Orphaned Land
All Is One

2013, Century Media
Prog Metal

Recensione di Stefano Risso - Pubblicata in data: 24/06/13

Ad appena tre anni di distanza da “The Never Ending Way of ORwarriOR” gli israeliani Orphaned Land ritornano sul mercato con una nuova opera che, già a partire da titolo e copertina, ribadisce il “concept” che da sempre muove la band del vocalist Kobi Farhi, ovvero una sorta di “lotta musicale” in favore della riconciliazione dei popoli della terra di provenienza dei nostri, con tutte le implicazioni politiche/religiose del caso.

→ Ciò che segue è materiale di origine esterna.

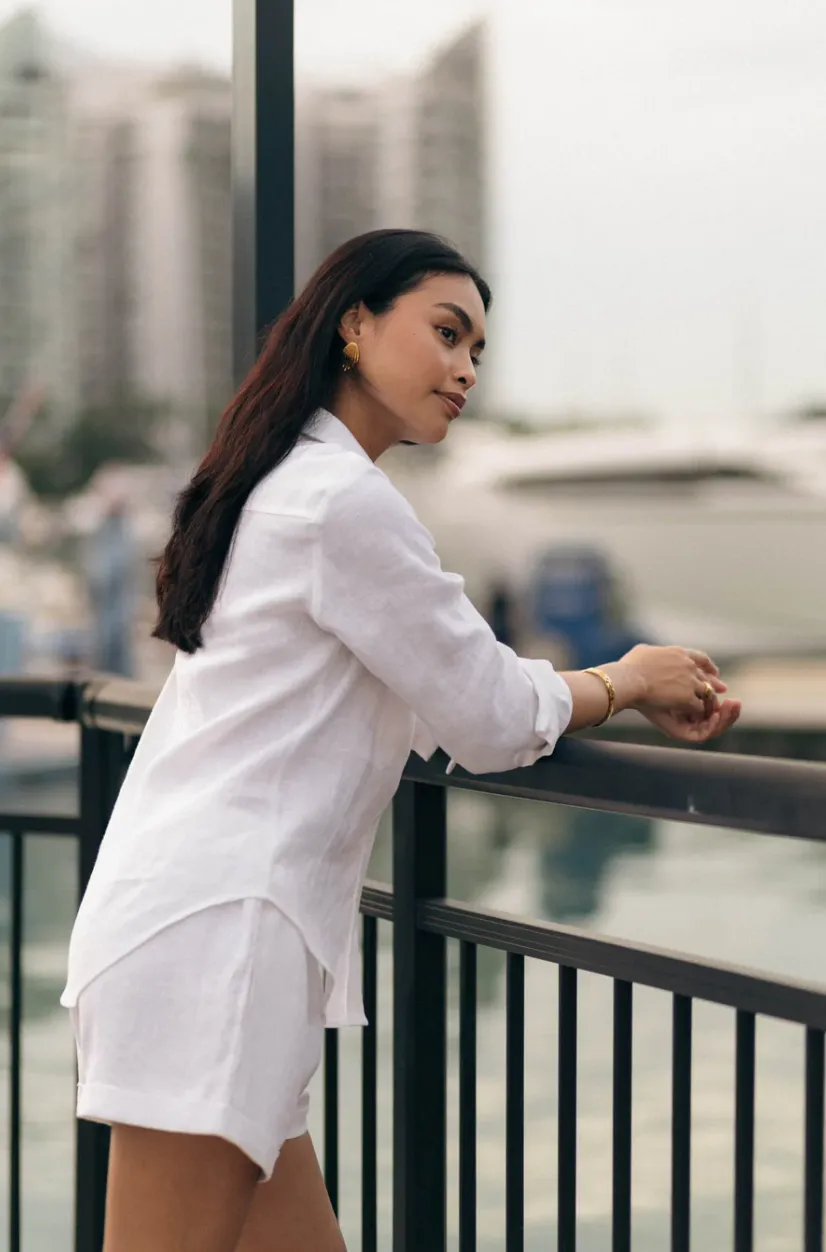 Classic Linen Shorts in White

All Is One” nel caso specifico sta a indicare anche la direzione artistica degli Orphaned Land, che, sempre a detta del frontman, non sono piegati alla volontà di un unico leader, essendo invece soliti sviluppare i propri lavori ascoltando e integrando gli imput di ogni membro o musicista coinvolto, in modo da rendere sempre più ricco il sound. A tal proposito ricordiamo che anche per il quinto album in carriera, la line-up estesa dei nostri conta oltre quaranta elementi, tra violinisti, coristi e ospiti alle prese con strumenti acustici e tradizionali. Come sempre i nostri non badano a spese e anche a questa tornata il disco non tradisce la solita ricchezza di contenuti a cui siamo abituati, i quali, a differenza della pubblicazione precedente, appaiono più immediati e facilmente fruibili.

Dopo infatti un disco molto complesso come “The Never Ending Way of ORwarriOR”, gli Orphaned Land hanno voluto dare una svolta più dinamica al proprio impianto sonoro, senza perdere le peculiarità che hanno fatto la fortuna della band israeliana: le sempre onnipresenti le influenze mediorientali e un songwriting ricercato, trovando il giusto mix tra prog, matrice heavy e radici folk. Una sorta di “semplificazione” dunque, nel tentativo di rendere più immediato il sound, mettendo spesso in risalto una componente sinfonica (più che in passato) che diventa quasi la protagonista in certi frangenti, senza però sfociare in derive “bombastiche” care a certe correnti sinfoniche. Esemplificativo l’inizio scoppiettante con “All Is One” e “The Simple Man”, due brani in cui probabilmente il nuovo corso più robusto, dinamico e sinfonico viene espresso nel migliore dei modi, riuscendo a rapire immediatamente al primo ascolto, ponendosi quasi agli antipodi con quanto fatto ascoltare nel disco precedente, dove ben pochi brani apparivano così ficcanti al primo ascolto.

Probabilmente è proprio questa la chiave di lettura di “All Is One”, un disco formalmente perfetto, che si mostra immediatamente, acquistando spessore col proseguire degli ascolti in maniera molto più lenta rispetto a due capolavori come “Mabool” e “The Never Ending Way of ORwarriOR”, perdendo quindi il piacere della scoperta  a cui due album simbolo ci avevano abituato. Aggiungiamoci anche una parte centrale non equivalente al già citato inizio e alla conclusione (“Children” superlativa) e il quadro che si delinea non può che essere di proporzioni inferiori, sempre appagante e affascinante, ma un bel gradino sotto i massimi livelli esprimibili dalla band.